Brief descriptive captions:
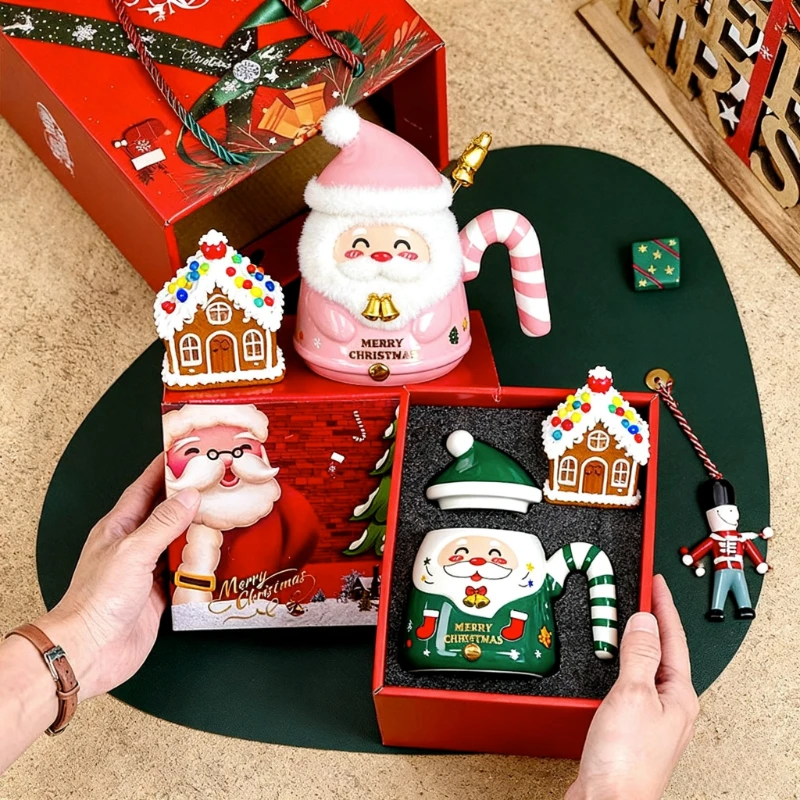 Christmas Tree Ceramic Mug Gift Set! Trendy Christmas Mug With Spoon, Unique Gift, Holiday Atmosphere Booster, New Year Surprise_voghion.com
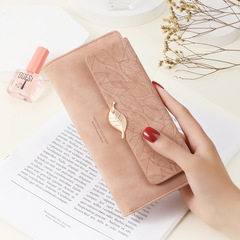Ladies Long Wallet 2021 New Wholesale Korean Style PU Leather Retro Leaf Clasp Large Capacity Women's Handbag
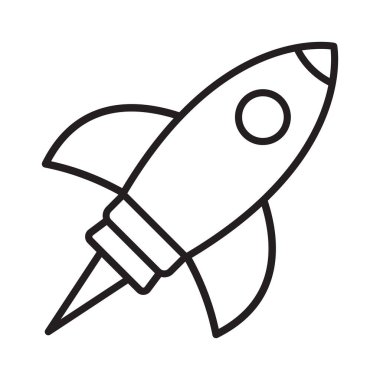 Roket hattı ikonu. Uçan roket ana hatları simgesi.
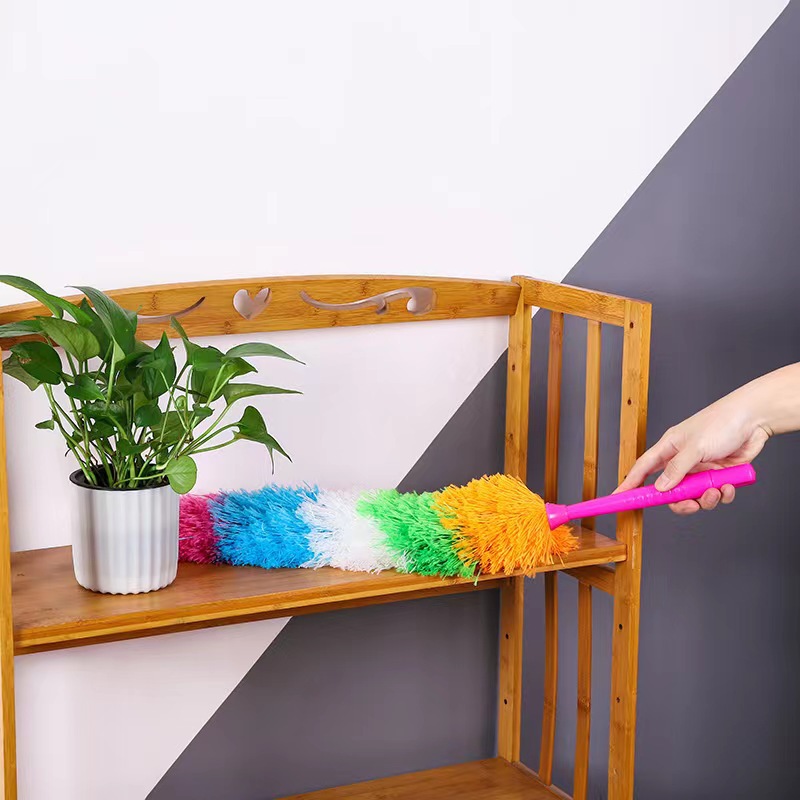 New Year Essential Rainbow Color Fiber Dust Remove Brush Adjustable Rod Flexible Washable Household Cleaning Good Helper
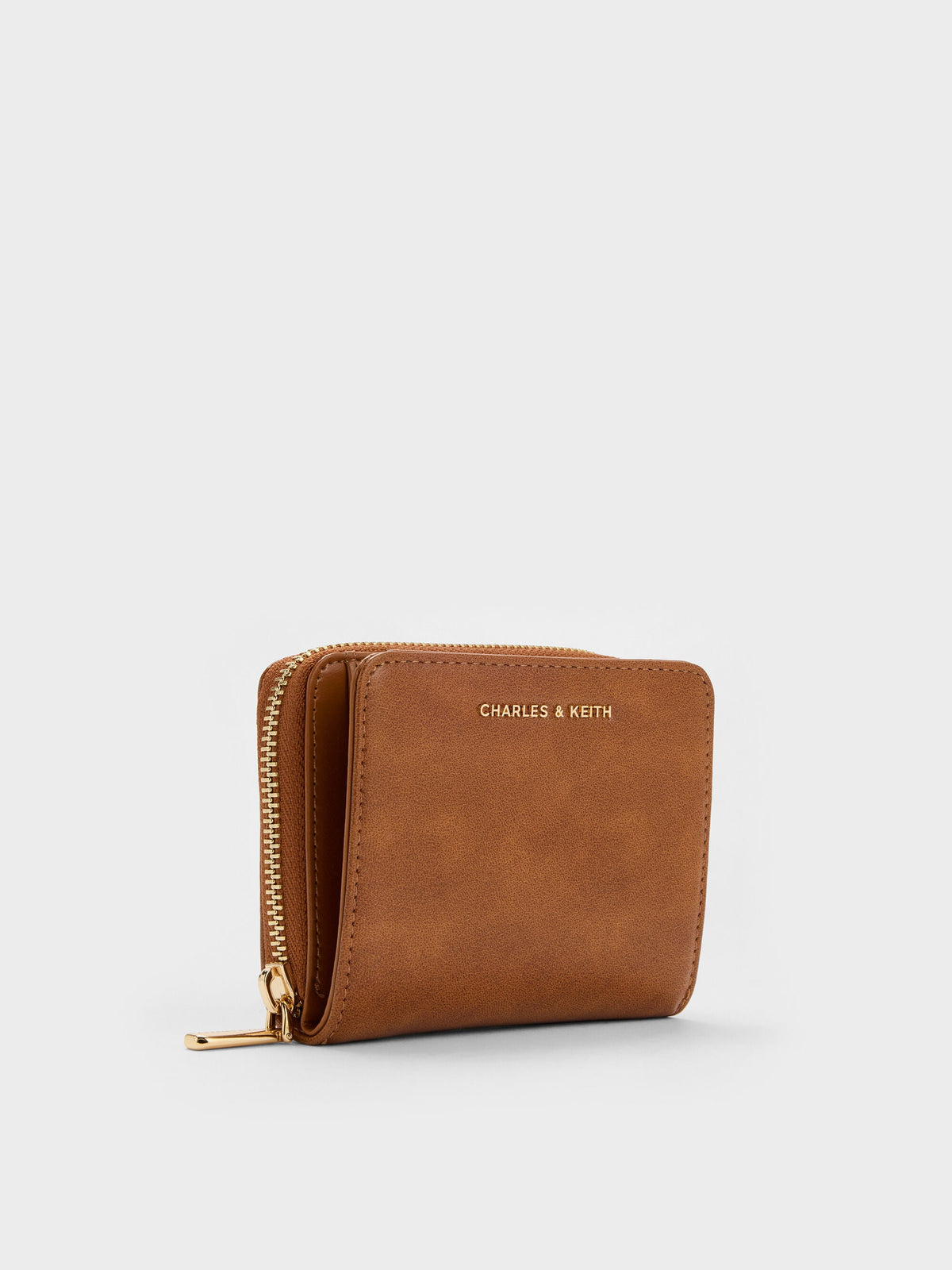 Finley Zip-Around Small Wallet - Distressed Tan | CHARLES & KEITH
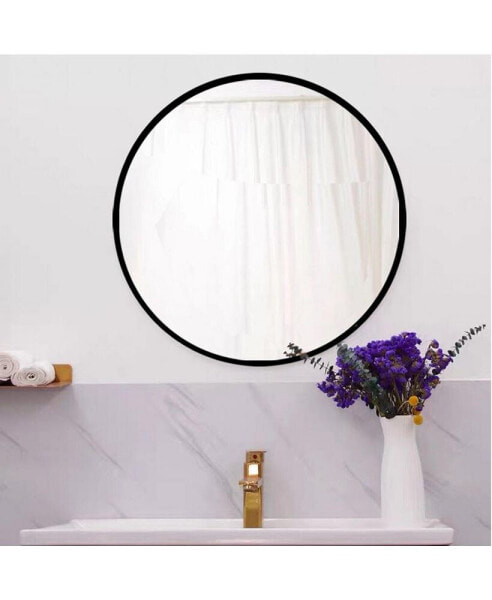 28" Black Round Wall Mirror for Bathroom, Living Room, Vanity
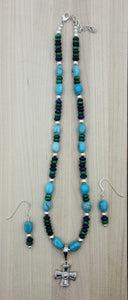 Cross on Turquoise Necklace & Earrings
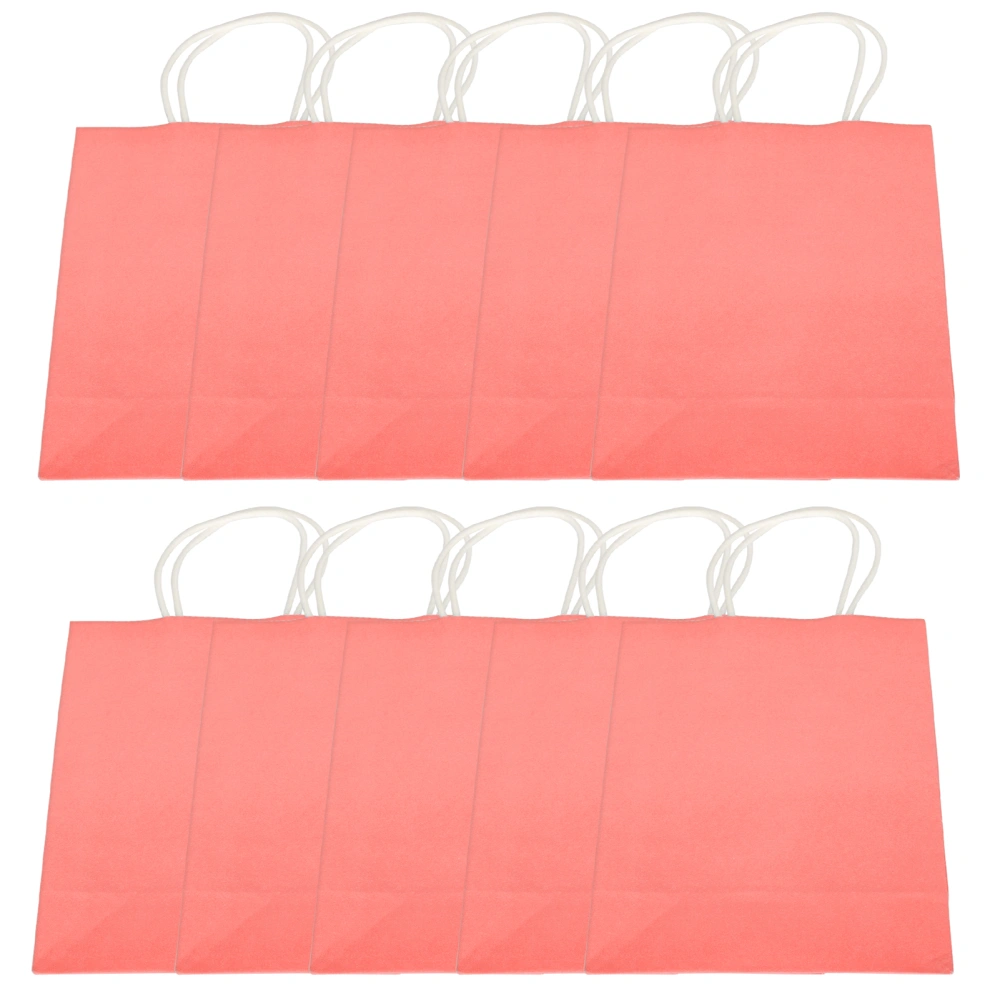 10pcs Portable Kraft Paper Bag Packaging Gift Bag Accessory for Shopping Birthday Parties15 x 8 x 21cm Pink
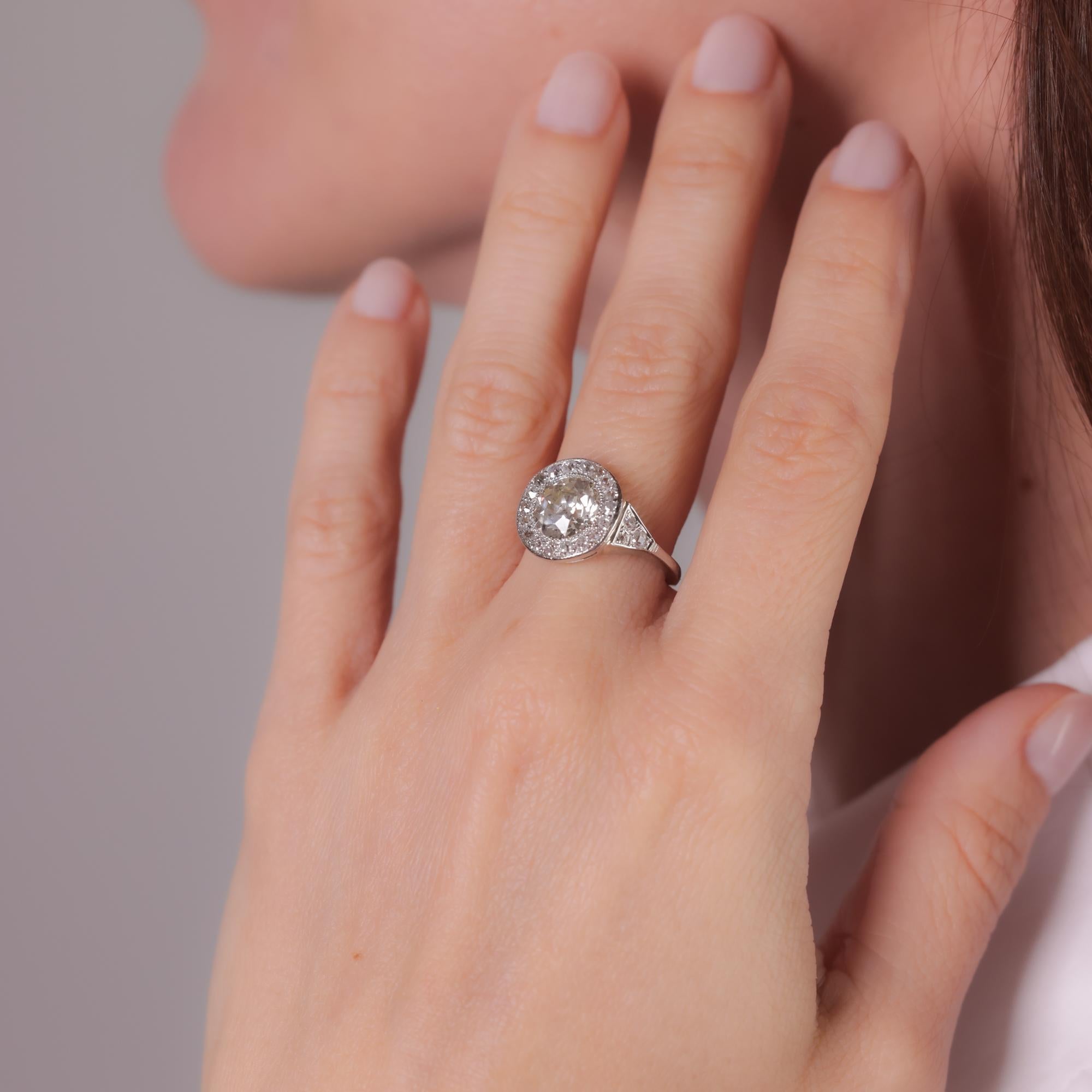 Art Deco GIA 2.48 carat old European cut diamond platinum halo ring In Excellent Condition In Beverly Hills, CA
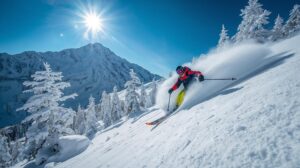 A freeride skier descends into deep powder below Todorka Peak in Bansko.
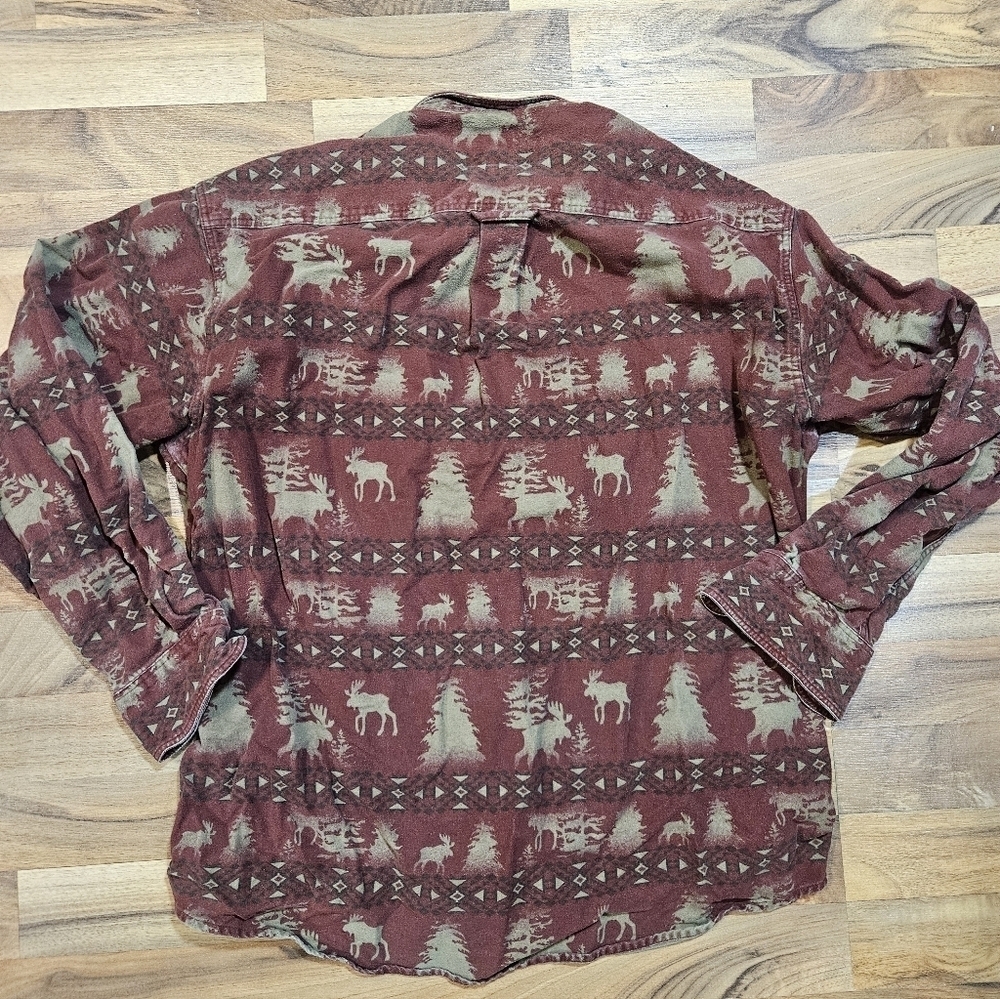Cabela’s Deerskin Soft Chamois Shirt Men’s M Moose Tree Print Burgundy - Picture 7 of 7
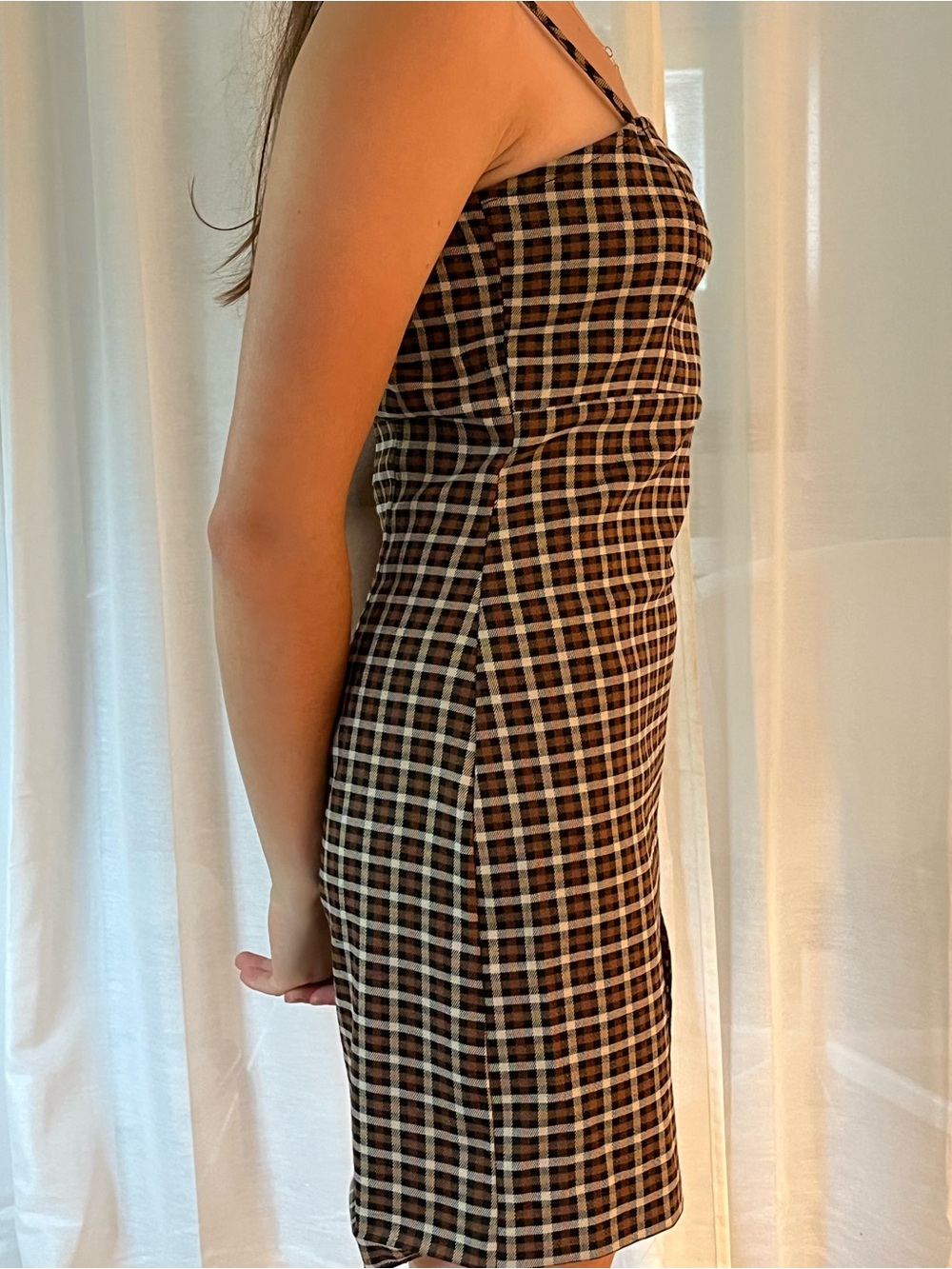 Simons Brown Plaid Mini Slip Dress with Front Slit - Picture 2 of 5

> _Exercise directions_
Return nothing except the lines from the line with "Cabela’s Deerskin Soft" through the last line of the records above, copied exactly and without pictures.

> _Solution below_
Cabela’s Deerskin Soft Chamois Shirt Men’s M Moose Tree Print Burgundy - Picture 7 of 7
 Simons Brown Plaid Mini Slip Dress with Front Slit - Picture 2 of 5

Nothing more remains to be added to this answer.